What you will do >> Could you repeat the entries below exactly, but only from the line with "So Fat Pasta, do" through the line with "Hi there, Mr.", and without any picture?

(Saved entries)
---
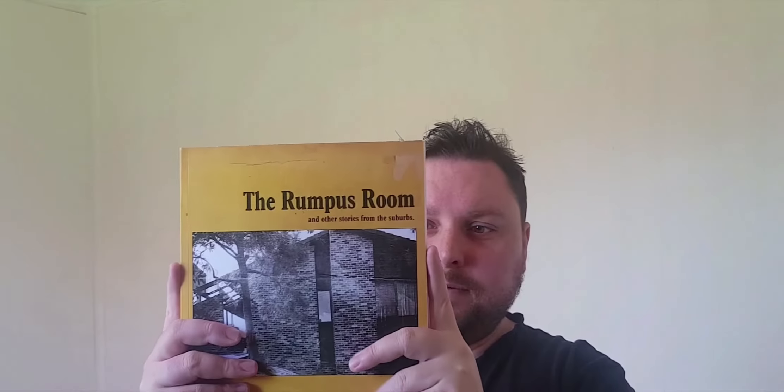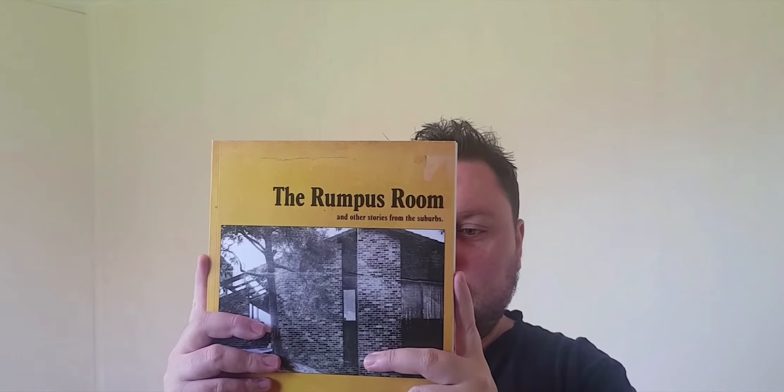So the very first one I want to show you is called The Rumpus Room and Other Stories from the Suburbs. So this is a really detailed book with lots of photos and also stories from growing up in Australia as well as architecture and design stuff like that. So it's actually really interesting. Also got a lot of humor to it as well as you would expect.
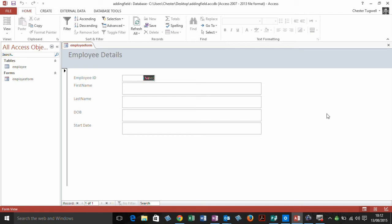Hi, it's Jester Tugwell at Blue Pecan Computer Training. In this video, we're in Microsoft Access 2013, and we're going to look at adding an existing field to a form.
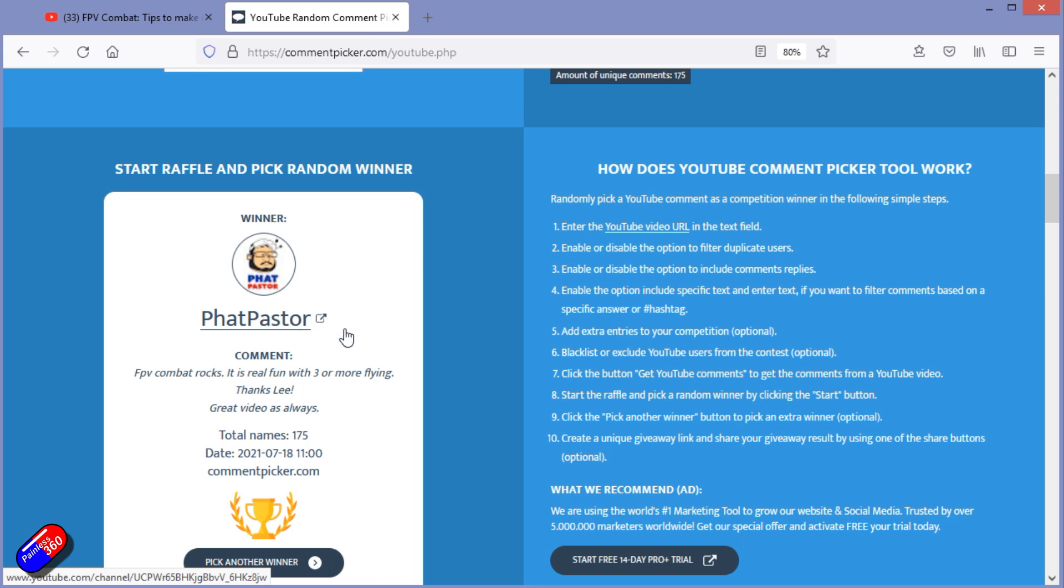So Fat Pasta, do me a favor and pop me your address details to Lee at painless360.com and I will get these boards into the post to you, and hopefully you can have an awful lot of fun with them. If you do post any pictures or video of them, a hashtag or a shout out to the channel would be welcome.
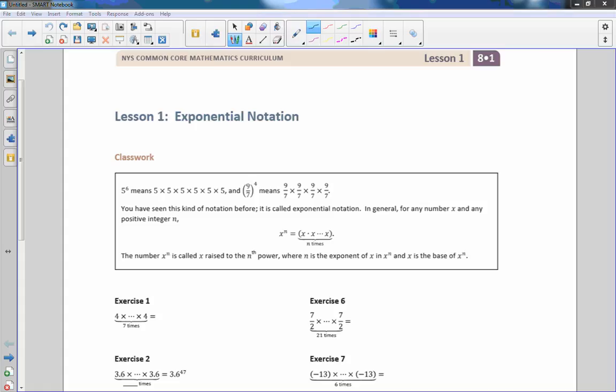Hi there, Mr. Holcomb here with the first edition of Math Behind the Modules for Math 8. Okay, so here we are, lesson one, the beginning of a new year: exponential notation.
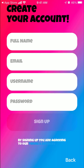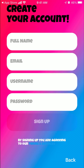When signing up, you'll need your full name, email, username, and password. There is no way to create your account via Apple, Google, Twitter, or Facebook — just this method. But anyways, that's how it works.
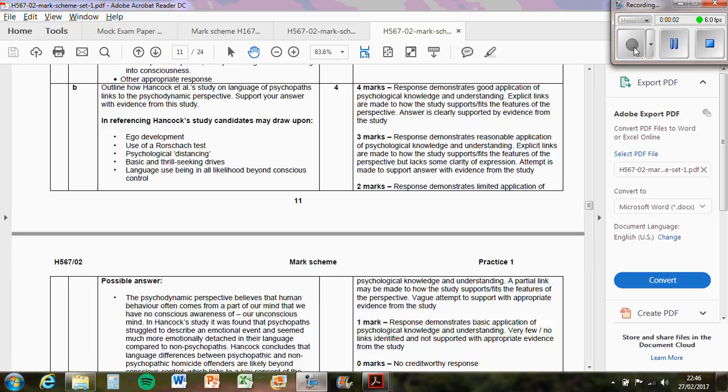So the next question in section B was outline how Hancock et al.'s study on the language of psychopaths links to the psychodynamic perspective. Support your answer with evidence from the study.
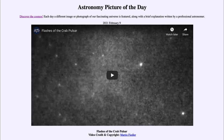It is titled 'Flashes of the Crab Pulsar.' This is a very short video clip running just a couple of seconds, and what it's going to show is the Crab Nebula and how it flashes. Now the Crab Nebula itself doesn't flash — it's actually the pulsar at the center of the Crab Nebula.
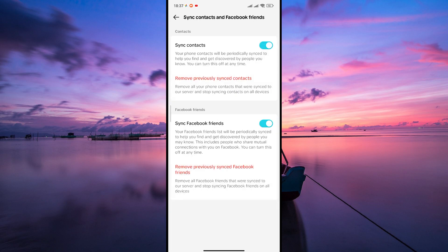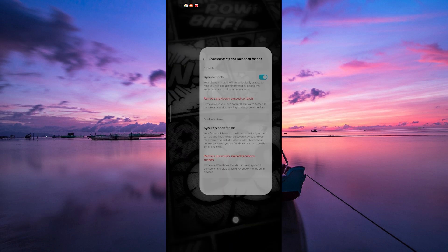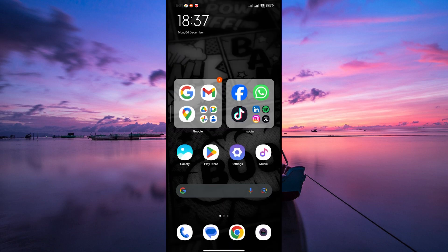Here, you'll find more privacy options. To unlink the Facebook account, toggle off the Sync Facebook Friends switch. Remember, once you unlink your Facebook account, finding friends on TikTok through Facebook might not work, but your TikTok account will still function as usual.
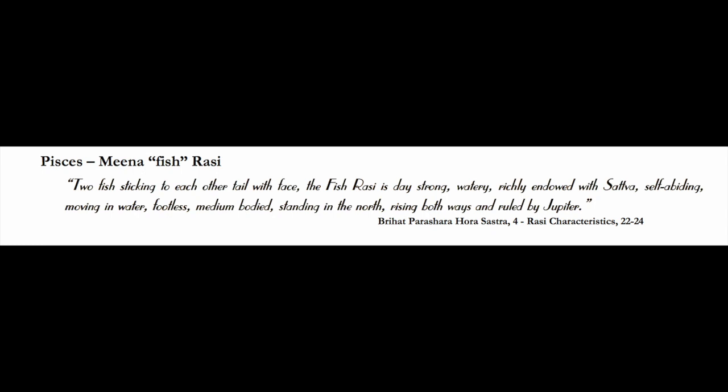It's footless—not biped, not quadruped, not even many-footed or an insect. It's the only sign that is 100% footless. Pisces is probably the most unique sign out of the whole zodiac. Capricorn was half footless, but Pisces is completely surrendered, completely open. It has no feet to stand on, it's just being moved.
---
Solution to the exercise >>
So Fat Pasta, do me a favor and pop me your address details to Lee at painless360.com and I will get these boards into the post to you, and hopefully you can have an awful lot of fun with them. If you do post any pictures or video of them, a hashtag or a shout out to the channel would be welcome.
Hi there, Mr. Holcomb here with the first edition of Math Behind the Modules for Math 8. Okay, so here we are, lesson one, the beginning of a new year: exponential notation.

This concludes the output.